Obwohl Merlin meiner bescheidenen Meinung nach zu den am einfachsten zu benutzenden Projektmanagement-Programmen auf dem Markt gehört, kann es dennoch sein, dass man mal nicht weiter weiß. Sollte die Hilfe-Funktion bzw. das elektronische Handbuch nicht weiterhelfen, dann hilft das Internet. Genauer gesagt die Merlin Google-Group merlin2nutzer. Dort finden sich reihenweise Fragen von Anwendern und die entsprechenden Antworten der Merlin-Macher sowie anderer Anwender.

Um in diesem Forum selbst Fragen einstellen zu können, benötigen Sie lediglich einen kostenlosen Google-Account. Danach rufen Sie die Homepage der Gruppe auf und klicken auf „An dieser Gruppe teilnehmen“. Einen neuen Beitrag posten Sie durch Klick auf die Schaltfläche „+ neue Nachricht“.

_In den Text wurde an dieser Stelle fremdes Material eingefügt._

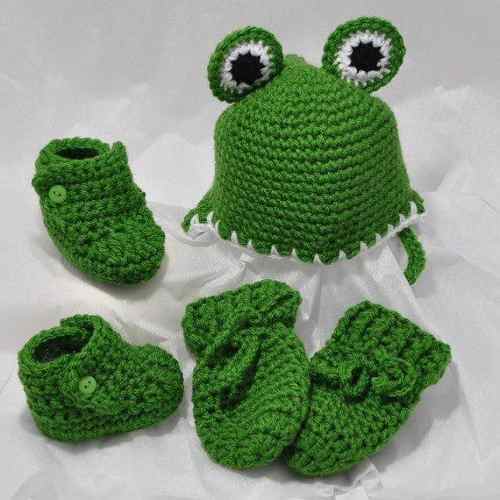 Como hacer guantes para bebé a crochet - Imagui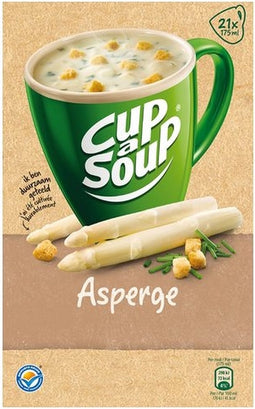 Unox Cup-a-Soup - Asperge met kaascroutons - Pak van 21 zakjes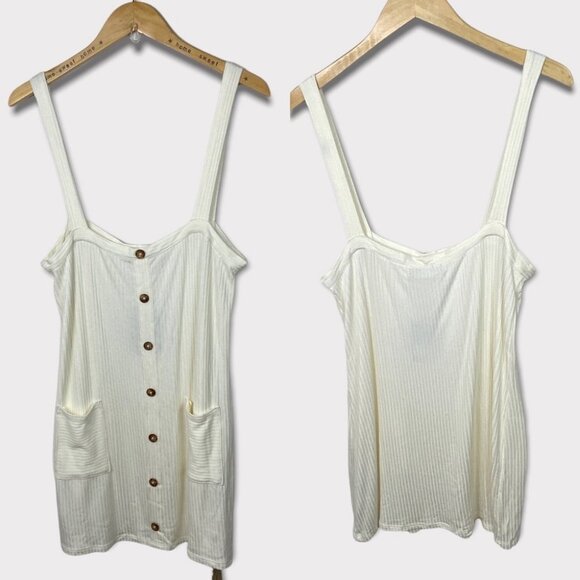 NWT Reformation Kenny Dress White Size XL Button Down New With Tag Mini Boho New - Picture 3 of 11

Übrigens: Es lohnt sich auch ohne konkretes Problem ab und zu einen Blick auf die Merlin-Group zu werfen. Die Zahl der Tipps und Hinweise ist dort nahezu endlos, so dass dort jeder das eine oder andere Nützliche zu Merlin und zum Thema Projektmanagement finden kann. Englischsprachige Nutzer können auch die englische Version der Group nutzen: Merlin2Users.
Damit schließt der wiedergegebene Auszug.